BEGIN Data to use

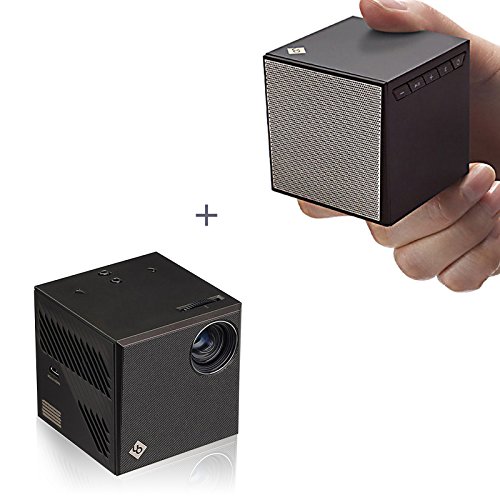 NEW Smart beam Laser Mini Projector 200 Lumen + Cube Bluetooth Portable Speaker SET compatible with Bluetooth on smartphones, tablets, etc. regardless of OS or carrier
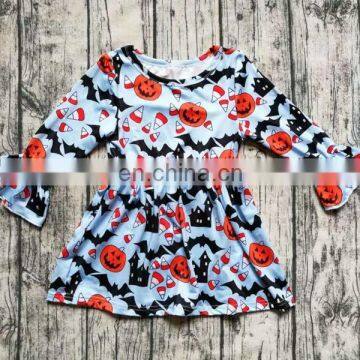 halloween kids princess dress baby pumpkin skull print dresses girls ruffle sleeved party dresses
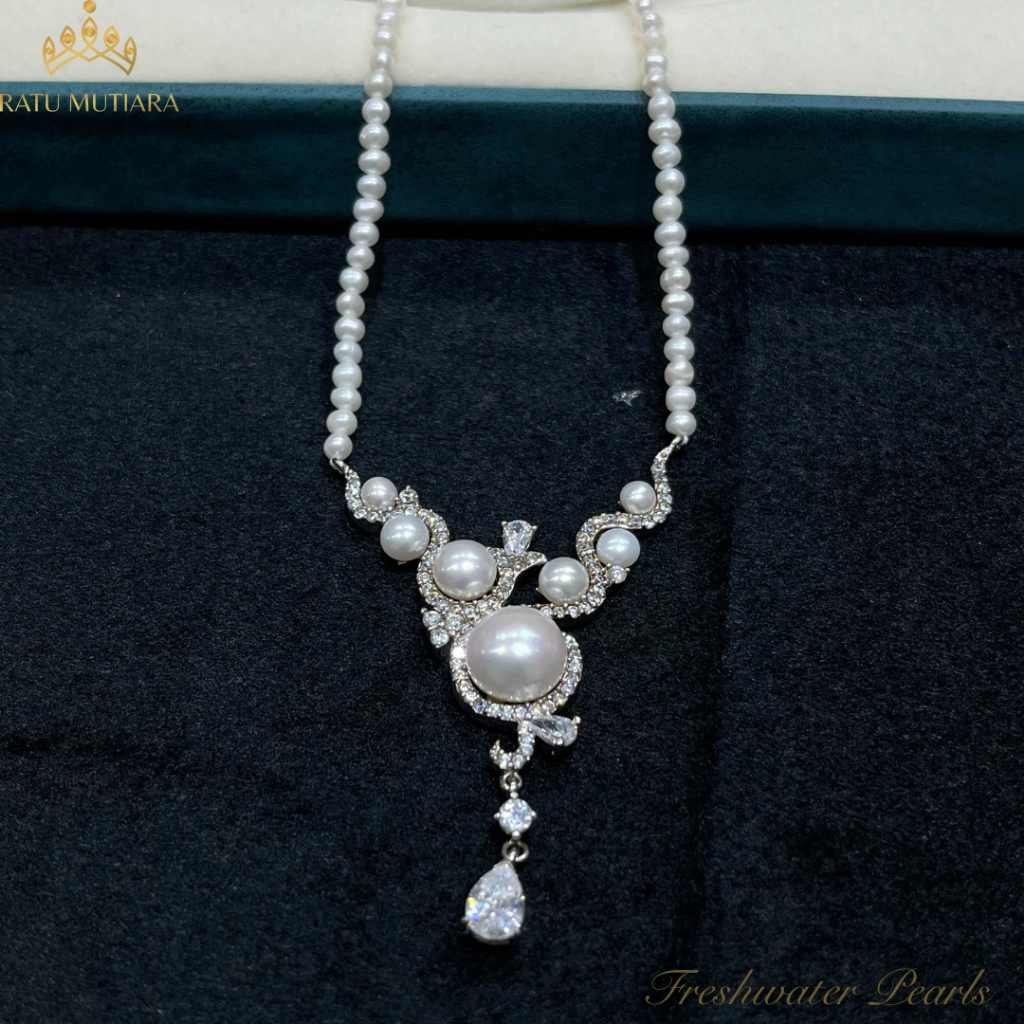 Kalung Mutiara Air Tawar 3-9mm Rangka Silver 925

END Data to use
BEGIN Data to use

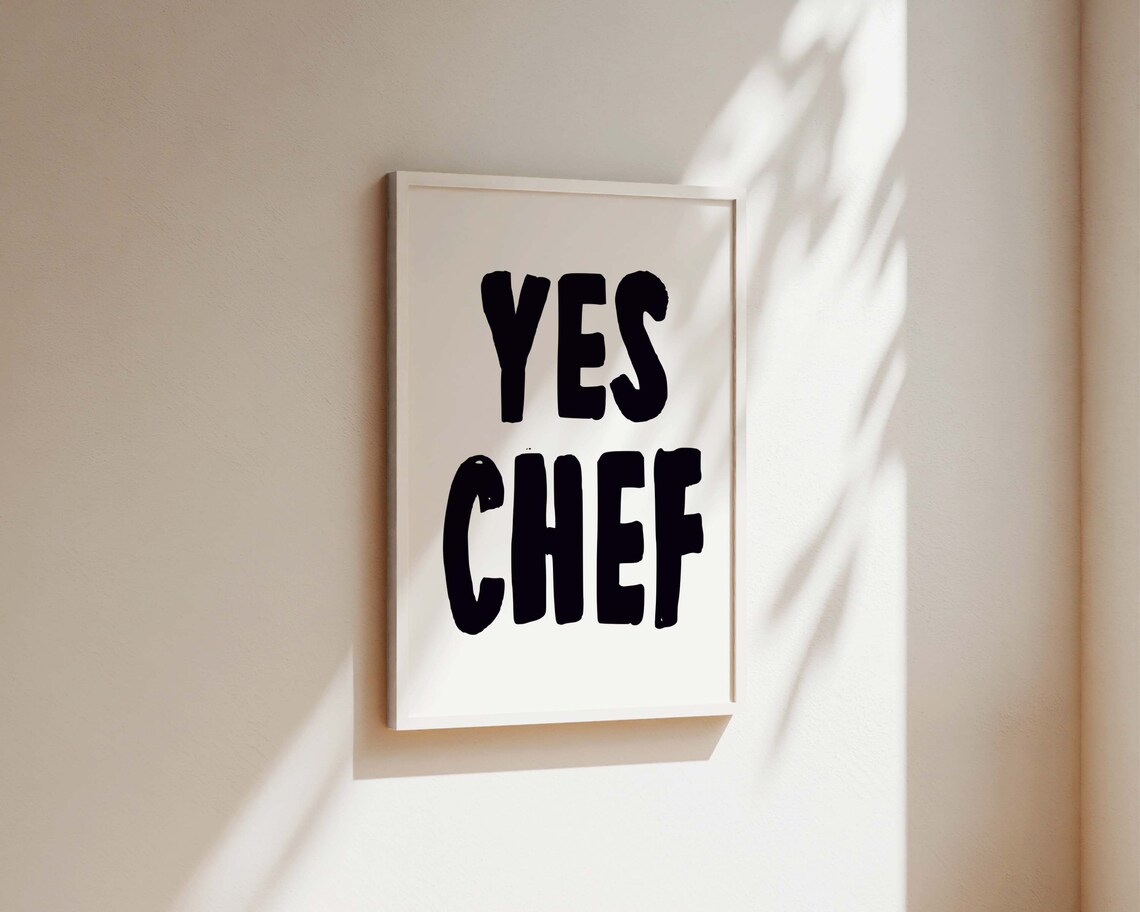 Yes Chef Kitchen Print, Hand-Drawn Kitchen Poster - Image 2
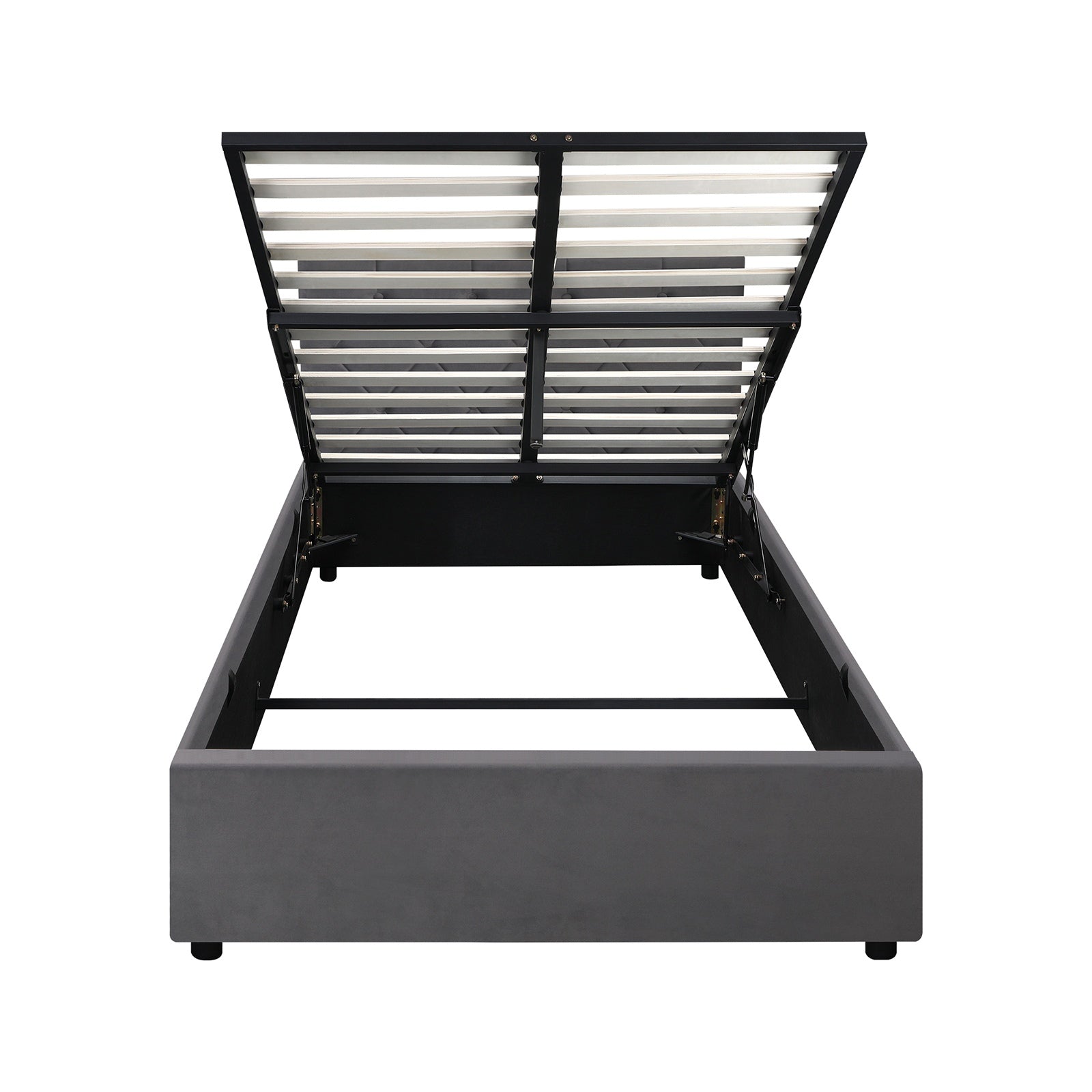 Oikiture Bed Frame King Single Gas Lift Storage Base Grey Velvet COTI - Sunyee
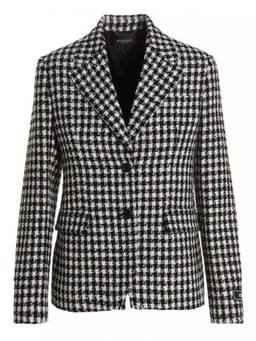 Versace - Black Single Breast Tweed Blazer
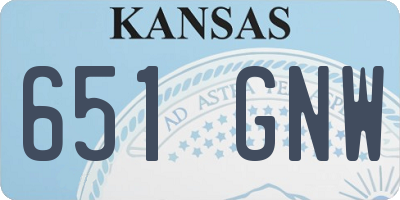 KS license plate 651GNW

END Data to use

For this exercise, reproduce exactly the lines of the records above from the one with "Yes Chef Kitchen" up to and including the one with "KS license plate 651GNW", without pictures.

 Yes Chef Kitchen Print, Hand-Drawn Kitchen Poster - Image 2
 Oikiture Bed Frame King Single Gas Lift Storage Base Grey Velvet COTI - Sunyee
 Versace - Black Single Breast Tweed Blazer
 KS license plate 651GNW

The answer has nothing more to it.